Not sure why you'd want to.
Between router advertisments, anycasting and the service location protocol, why would anyone want to pass the information as a fixed value? Most of that information can be discovered, which is important if you want to support Mobile IP and Network Mobility. After all, if none of the topology can be nailed down, then everything is dynamic and everything must be discovered. Nothing is constant and nothing can be relied upon to stay put.
I think that this article
I think that this article has absolutely no technical merit. IPv6 Autoconfiguration has absolutelly nothing to do with DHCPv6 by design. DHCP, including it's IPv6 incarnation has a very specific purpose: give-out more than just an IP/cidr/gateway|router to the computer.
In DHCP you can also specify what the boot server is in case of PXE booting (see remote over the network deployments). It can tell you where you can find an X Font Server (it used to make sense in DTP labs 15 years ago, when hard-drives had 200 MBytes, and an Unicode font had 20Mbytes), an SMTP server, what time-zone you're in, what the NTP (network time protocol) server is, what the proxy server is and many more.
Autoconfiguration is a great thing for home networks, simple office setups, as well as public networks because it requires almost no user intervention. That means that even grandma can configure her IPv6 wireless router at home, while on the other hand DHCPv6 requires an administrator that knows what he wants and what he offers.
And while Windows and Linux and Cisco know about DHCPv6, they also knew IPv6 autoconfiguration even before they had DHCPv6.
Is anyone adopting IPv6
The last batch of articles I read on IPV6 basically concluded that it was a "dead man walking" - that no one was adopting it, and the flogging of the dead horse would soon die down as even the die-hard advocates gave up.
Has something changed? Is there anyone (other than universities and gov't that are mandated to do so) that actually *wants* IPv6 - I mean other than vendor paid shills and marketing types...

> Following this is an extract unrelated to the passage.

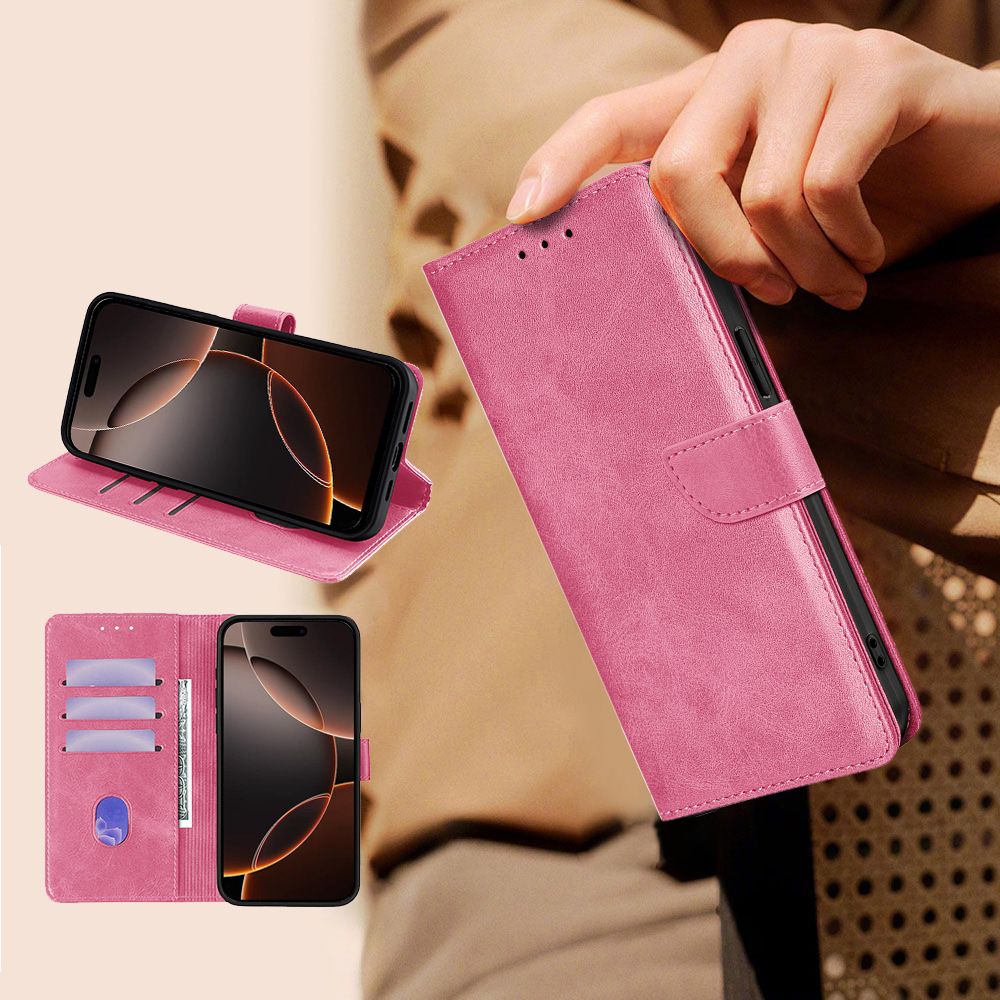 Infinix Note 12 Pro Case,Leather Magnetic Closure Shockproof Phone Case Cover for Infinix Note 12 Pro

Service providers adopting IPv6
It is possible to get IPv6 service to the home in Japan today, and NTT provides some services to customers that are available only over the IPv6 service.
Some large service providers in the U.S. are considering deployment of IPv6, initially for device management, because of the larger address space available in IPv6. The CableLabs DOCSIS 3.0 specification includes IPv6 for cable modem management, and several cable MSOs have plans for using this feature of IPv6 to reduce the pressure on the limited IPv4 address space in their networks.
No mention of 802.1X
I was disappointed to see no mention in this article of 802.1X. It says:
If network administrators really want to know that only authorized devices are connected to their network, then 802.1X security is what they need. Believing that DHCP gives you security or access control is wishful thinking, and it's disappointing to see that used as the main argument in support of DHCPv6.
802.1x is expensive.
This is the usual answer I get when I propose using it to secure access to the network. With DHCP, any cheap switch will do. You just have to set up a central server. All your state information naturally lives on that server. With 802.1x, you have to buy expensive managed switches (probably replacing existing switches that you will simply have to throw out), and then you need to set up an SNMP management infrastructure.
So yes, 802.1x is how you secure network access. That's why I said "finger on the pulse of the network," rather than "securing your network" when I talked about what I see as the big advantage of DHCP. You're absolutely right - DHCP is in no sense a security solution.
One More Reason to Adopt IPv6
Almost since IPv6's inception the intention has been that there would be two configuration methods; stateless autoconfiguration and DHCPv6.
In many situations stateless autoconfiguration is adequate. When additional configuration options are required or when an organisation prefers stateful configuration, DHCPv6 can be employed.
These mechanisms are complementary and are in no way in conflict. Having two configuration mechanisms is in no way a "reason not to adopt IPv6", just as having a manual or automatic car is not a reason to not use cars!
Sadly many of the supposed issues raised in the article are not issues at all, or are identical to the issues in IPv4.